Resizing after rendering

Hi everyone, quick question

I have been reading up on a few rendering tecniques, and one that i have noticed is to make the initial render big, and then downsize in Photoshop / Affinity Photo to a smaller size. What is the purpose of this, and why would it be beneficial? Im guessing the resize could help with denoising?

Thank you, and stay safe

Comments

  • AsariAsari Posts: 703
    external said:

    Hi everyone, quick question

    I have been reading up on a few rendering tecniques, and one that i have noticed is to make the initial render big, and then downsize in Photoshop / Affinity Photo to a smaller size. What is the purpose of this, and why would it be beneficial? Im guessing the resize could help with denoising?

    Thank you, and stay safe

    Yes it's also called manual over sampling. As you said, it is to cut down rendering time on noisy renders. The idea us this: render bigger, but with less iterations than needed to get rid of the noise and then downsize and during downsizing reduce the noise.

    You might have to test for yourself whether it works for you. I found out it doesn't work for me so well - yes less iterations cut down render time. But bigger images increase render time. And I render my still images generally in 4K so I would need to render in 8k ... which is significantly slower. YMMV

  • I think it's because the noise filter adds significant time to the render, more than double size takes, when you resize from larger to smaller your effectively resampling the image, ie linear,bilinear,bicubic sampling, a post process resize can be done in seconds.

    What we really need is the Nvidia AI noise reduction tools.

  • mavantemavante Posts: 734

    I think it's because the noise filter adds significant time to the render

    Dreamlight did some tests, and according to them, the noise filter doesn't add time, at least not any appreciable amount. Difference of seconds. Here's the video about it:

    DAZ Studio Iray DeNoiser Put To The Test

     

     

  • jjmainorjjmainor Posts: 493
    In 3dl I see smoother images when I render bigger and scale down than when I render at the size I want.
  • L'AdairL'Adair Posts: 9,479
    external said:

    Hi everyone, quick question

    I have been reading up on a few rendering tecniques, and one that i have noticed is to make the initial render big, and then downsize in Photoshop / Affinity Photo to a smaller size. What is the purpose of this, and why would it be beneficial? Im guessing the resize could help with denoising?

    Thank you, and stay safe

    I think it's important to note this technique first came about when Iray was introduced to Daz Studio. Iray has come a long way since 2015, and so has Daz Studio.

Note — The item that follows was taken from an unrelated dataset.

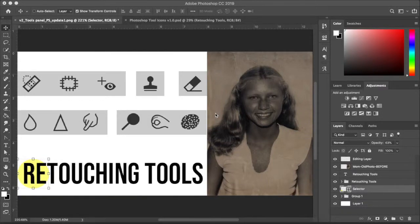Hello everyone, today we're going to talk about the different retouching tools in Photoshop. We're going to go over the basic ones that are specific to where we're at right now in the semester.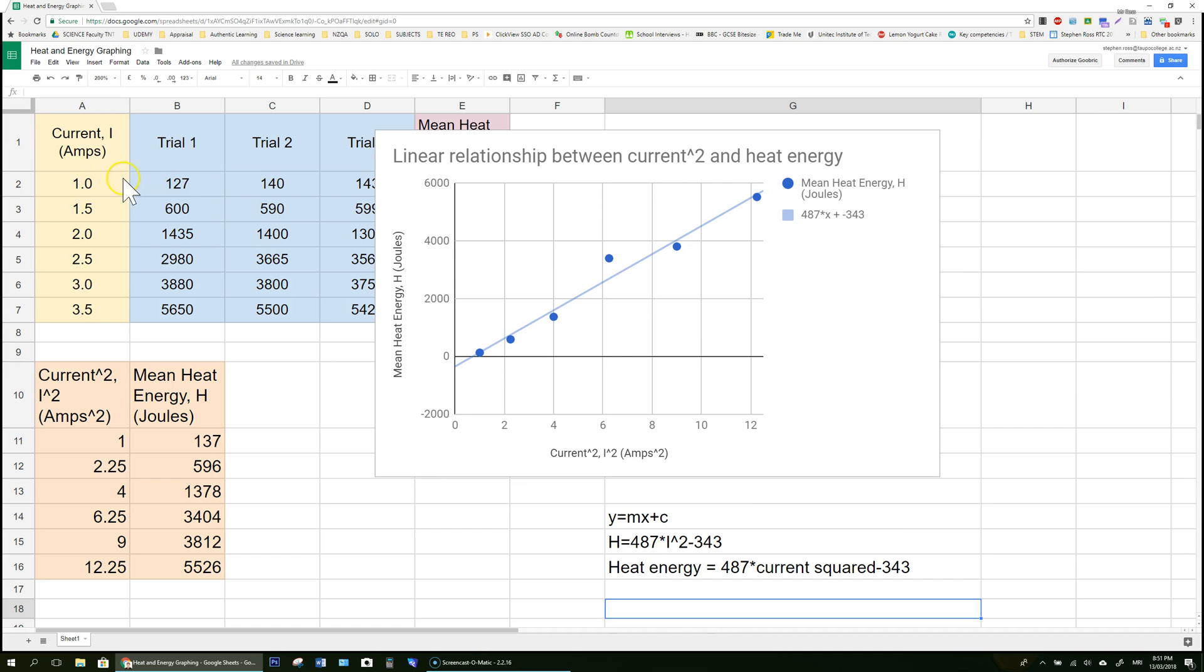And so that was how we took our original data, created a non-linear graph, and turned it into a linear graph with a mathematical relationship.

I'm not sure there are any real benefits to using this technique now; Unless, perhaps, one is using a computer on the lower end of the required hardware.

  • kyoto kidkyoto kid Posts: 41,847

    .,.rendering larger tends to take more memory which can mean dumping to the CPU on GPUs with lower VRAM. 

    There is also an option for rendering at a moderate size without sacrificing detail or quality and expanding the results post render.